The other lists just don’t have that same level of international participation and openness. Though the Clements list is now in the hands of the Cornell Lab of Ornithology, an institution known for it’s fostering of citizen science initiatives and for which I have the greatest respect, I still think that the IOC is the better organization to take an international participatory perspective (especially considering that Cornell defers to the American Ornithologist’s Union for all of the birds of the Western Hemisphere, an organization that has both a North American Checklist Committee and a South American Classification Committee that have sometimes contradictory checklists). The other two world checklist options just don’t compare, especially when one considers the amount of effort that has to go into keeping a checklist of over 10,000 species up to date with the latest science.
It’s odd listing on a new checklist. Bird families are in very different locations on the IOC list than they are on the American Birding Association checklist on which I keep (what else?) my ABA life list, which, as of this writing, is not too shabby, clocking in at 439 species. The ABA checklist starts with whistling ducks and geese while the IOC list starts with ratites. Instead of House Sparrow bringing up the tail end of my list I have Painted Bunting there. Of course, there are many more differences between the two but there is no need to go into the gory details: check out the checklists yourself if you are interested in learning more.

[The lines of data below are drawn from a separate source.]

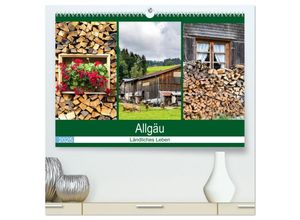 9783435244324 - Allgäu - Landliches Leben (hochwertiger Premium Wandkalender 2025 DIN A2 quer) Kunstdruck in Hochglanz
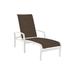 Tropitone Muirlands 78.5" Long Reclining Single Chaise Metal in White | 22 H x 29.5 W x 78.5 D in | Outdoor Furniture | Wayfair 162032_SHL_Mia II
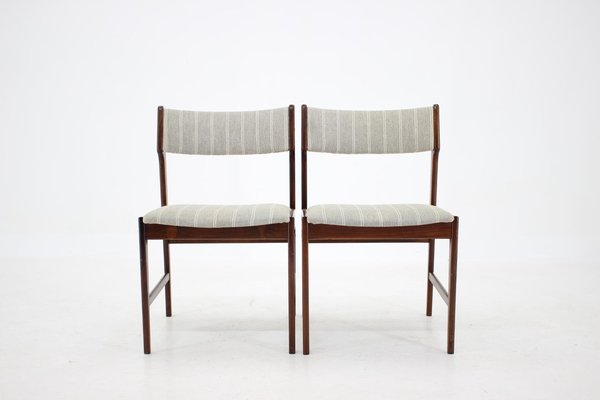 Solid Rosewood Dining Chairs by Erich Buch, Denmark, 1960s, Set of 6-TZ-1232011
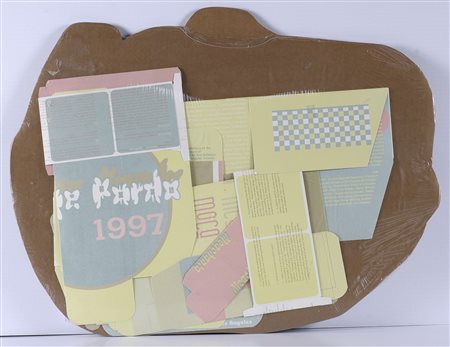 PARDO JEORGE (n. 1963) Catalogo. 1997. Tecnica mista su carta. Cm 49,00 x...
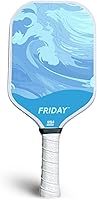 Vista 1 de Friday Pickleball Paddle, USA Pickleball Approved, Durable Carbon Fiber, Thermoformed Unibody Design, Honeycomb Core, Gritty Surface for Spin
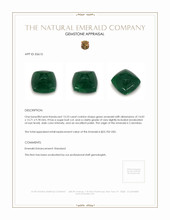 13.23 Ct. Cabochon Emerald from Colombia Appraisal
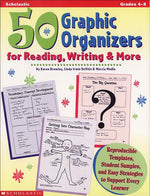 Book cover for 50 Graphic Organizers for Reading, Writing & More: Reproducible Templates, Student Samples, and Easy Strategies to Support Every Learner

Figuring out what bird is what can be quite pain as well, especially for birds I don’t know that well like the birds I saw in Kazakhstan. Seeing a Great Black-headed Gull is great but then not finding it on the checklist is kind of odd. Fortunately, a quick google search of almost any bird name usually quickly nets the searcher with alternate common names (in this case, Pallas’s Gull), and, most importantly, the scientific name (Ichthyaetus ichthyaetus). I never really grasped how important scientific names are until I started figuring out my world checklist. Most birds have had at least a couple of common names in English and when one takes into account the fact that pretty much every species has common names in multiple languages, well, good old binomial classification helps a great deal! So, for the first time on one of my bird lists, I have included the scientific name of each species, and, where a common name is used at least as frequently as the common name the IOC chose, I add that common name as well.

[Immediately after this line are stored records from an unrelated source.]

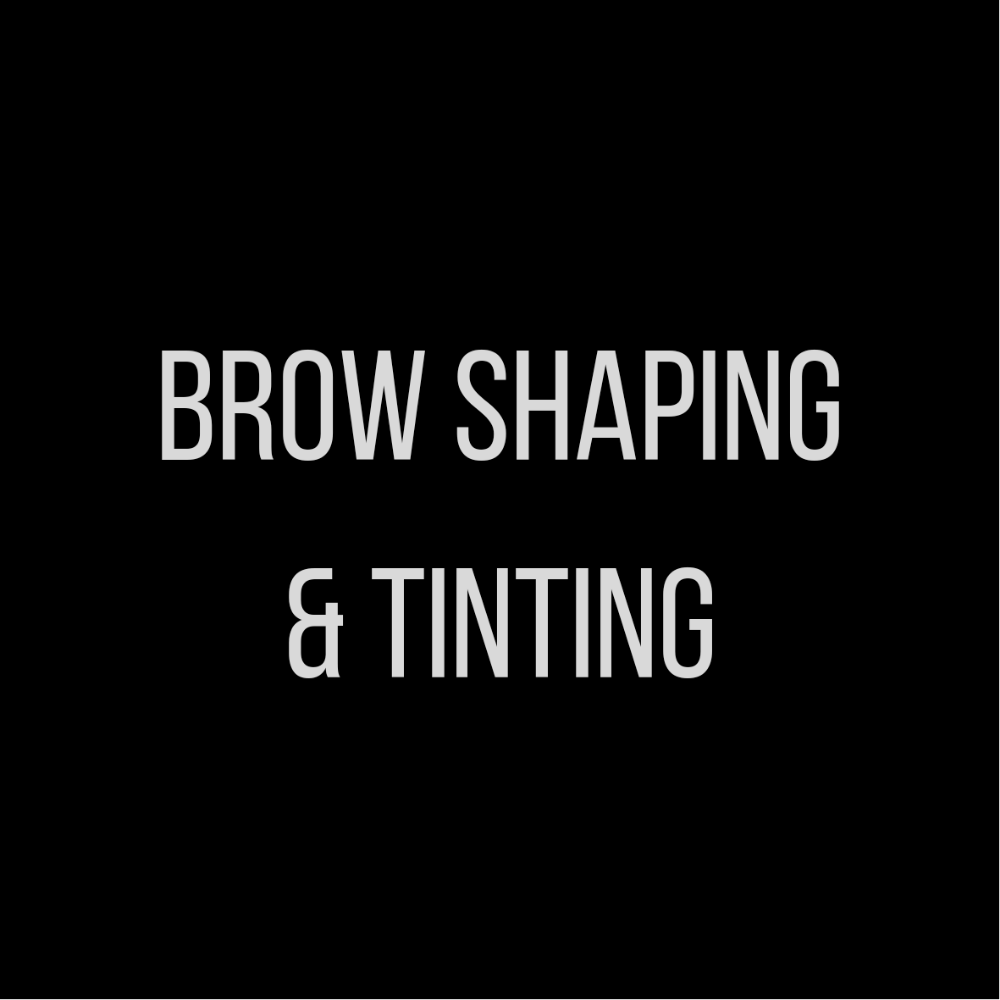 Brow Shaping And Tint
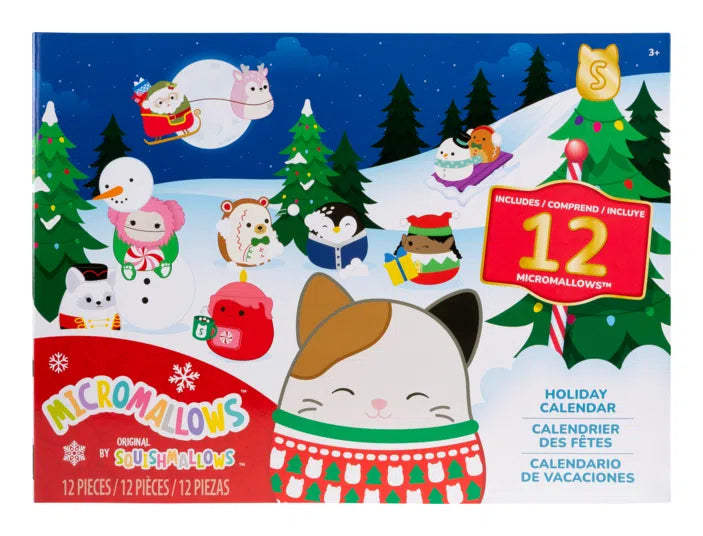 Micromallows by Squishmallows 12 Day Holiday Advent Calendar
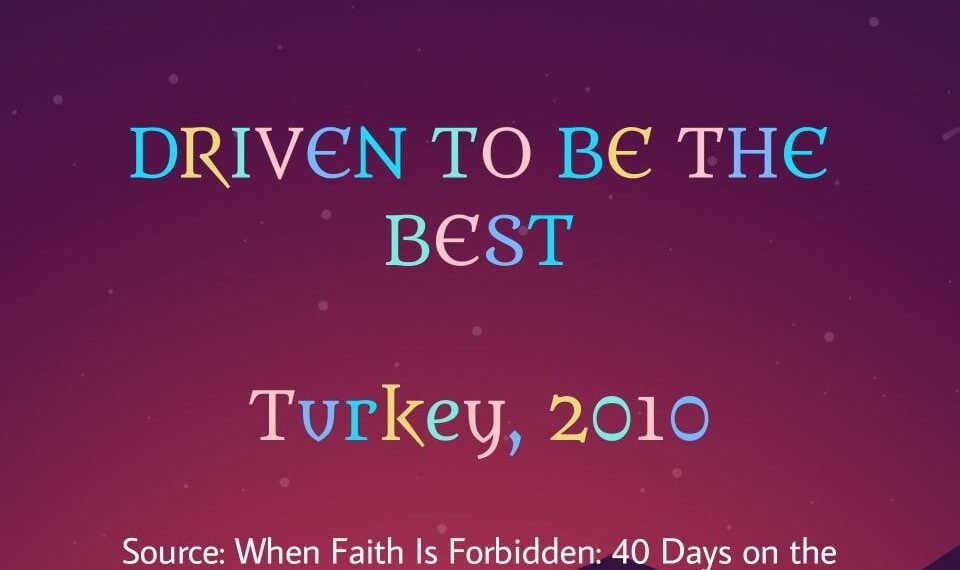 DRIVEN TO BE THE BEST (PART 3)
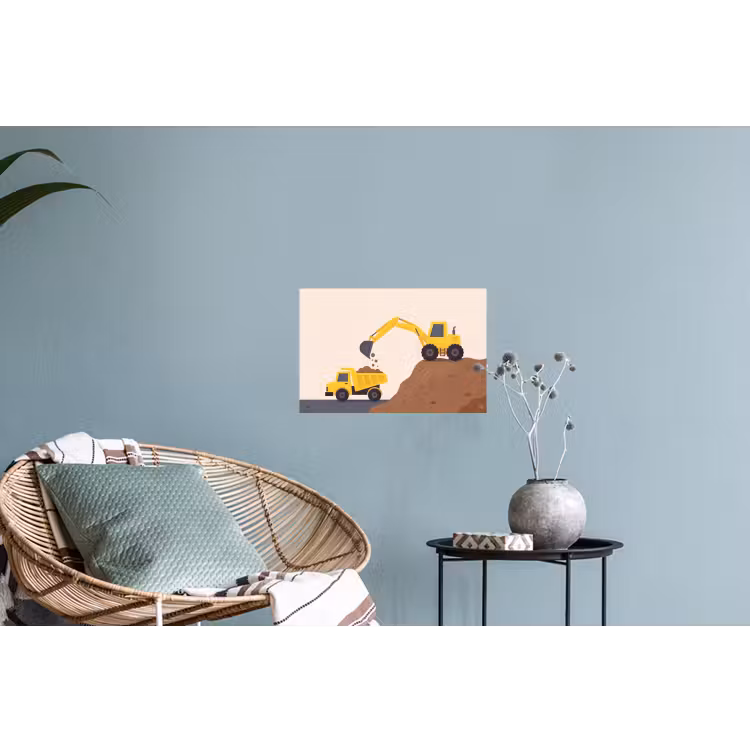 Muursticker - Graafmachine - Bouw - Geel — 4
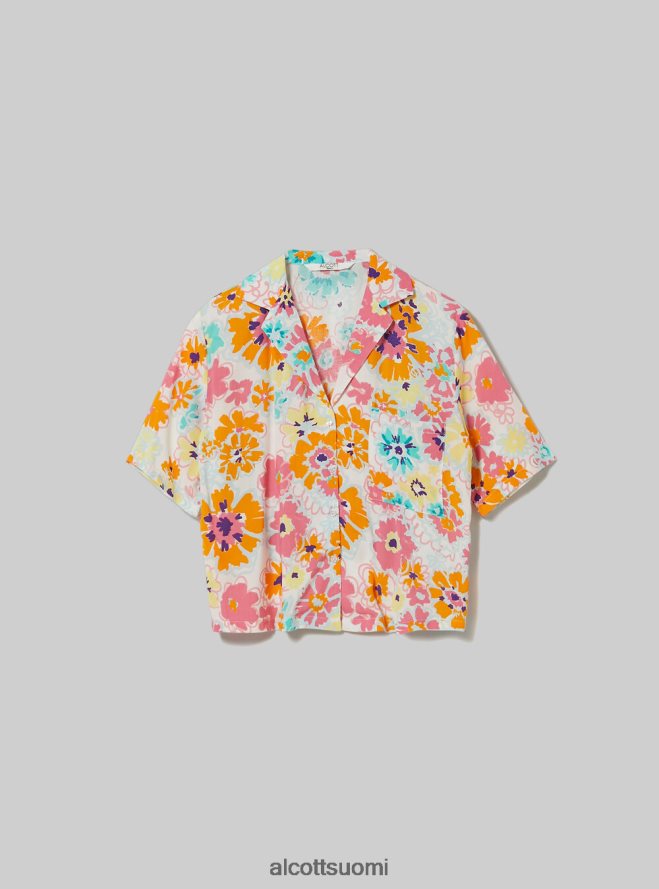 vaatetus fi Alcott naiset leikattu paita printillä bk1 musta HL28P01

So, please, take a moment or two and take a look at the life list I have amassed and carefully collated. If you find any errors please put them in the comments here…and if you have any questions or suggestions about world life listing by all means feel free to put them in the comments too. I am rather new at this game after all, and I am quite sure that some of you out there reading this blog must be thinking to themselves, “Man, the IOC list?!?! What a dummy! He should be using XYZ list and this is why!” or “What a waste of time it is to keep a life list. He should just enjoy seeing the birds” or “This post is really boring. I think I’m going to turn the computer off and go eat some pie.” Whatever you’re thinking, feel free to share. And good luck getting your own life list sorted out and growing!
776 species!! It’s certainly amazing! I was just wondering on how to make a list of those birds I’ve seen so far. Although, identifying birds can be very difficult at times, which is why I’m forced to ask a very silly question here: how do you identify the birds you see, their name along with other details? I recently started bird watching and I’ve no idea which book or website to refer, particulary when there’s no photo record.

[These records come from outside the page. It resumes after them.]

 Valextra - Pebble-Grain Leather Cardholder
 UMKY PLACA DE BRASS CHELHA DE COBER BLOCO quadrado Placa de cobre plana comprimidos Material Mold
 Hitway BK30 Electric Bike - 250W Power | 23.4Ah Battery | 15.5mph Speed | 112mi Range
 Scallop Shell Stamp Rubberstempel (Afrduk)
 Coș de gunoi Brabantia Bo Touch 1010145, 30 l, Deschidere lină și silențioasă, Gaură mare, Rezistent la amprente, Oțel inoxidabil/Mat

I heard the IOC was going to start testing for doping in the sport or am I thinking of a different IOC? 🙂
The IOC always seemed a little split-happy to me, but all of the world compilers have their strengths and weaknesses so I can’t really say whether that’s a bad thing or not. I definitely like that way they’re trying to coordinate all the common names of birds across all continents, though. That’s a big and thankless job.
But I shouldn’t really talk, my world list is organized by whatever list the field guide for the country I’m in uses and is likely completely inconsistent so my real number is a rough estimate at best.
Any organization is better than no organization, I suppose.
Also, with a life list of 776 and a year list of 555, isn’t it weird to think that you’ve seen 2/3 of all the bird species you’ve ever seen just in the first half of this year? 🙂
Nice, congrats on getting it pulled together!
For the record, of the major world lists, Howard and Moore maintains the most rigorous scientific citations and is respected for that reason. But the list is largely inaccessible unless you want to buy an expensive book every few years or buy software that licenses it.
The IOC list committee started publishing the list online in mid-2007. They publish updates several times a year, which allows them to respond quickly to new information and studies (perhaps too quickly sometimes, but I prefer that to the alternative). And as you say, they are quite responsive to feedback and suggestions. They have recently reverted several novel nomenclatural suggestions that weren’t well received around the world. That said, it’s not perfect, and I’m not convinced that English names need to be “standardized,” but I think it’s an excellent list with a lot of credibility behind it.
The variety of formats in which the list is freely available and the frequency of updates are unparalleled. If you use Birdstack, which is based on the IOC list, you can benefit from automatic taxonomic updates and a community-driven system of alternate English name suggestions. Avibase is an excellent resource for comparing English and scientific names across major world lists.
Anyway, happy listing!
(Disclosure for those who don’t know: I am a volunteer contributor to the IOC World Bird Names project and am co-owner of Birdstack.)
I use the IOC, too. You’ll have to fix all the misspellings of “Gray” and “Colored”, and change the execrable “Divers” back to the respectable “Loons,” and ditch “American” in front of Yellow Warblers and Herring Gulls… But once you scrub all that nasty limey off our New World birds, it’s servicable.
Remember too that the website for the IOC has an excellent concordance of the Clements names and the IOC names–I use it every day.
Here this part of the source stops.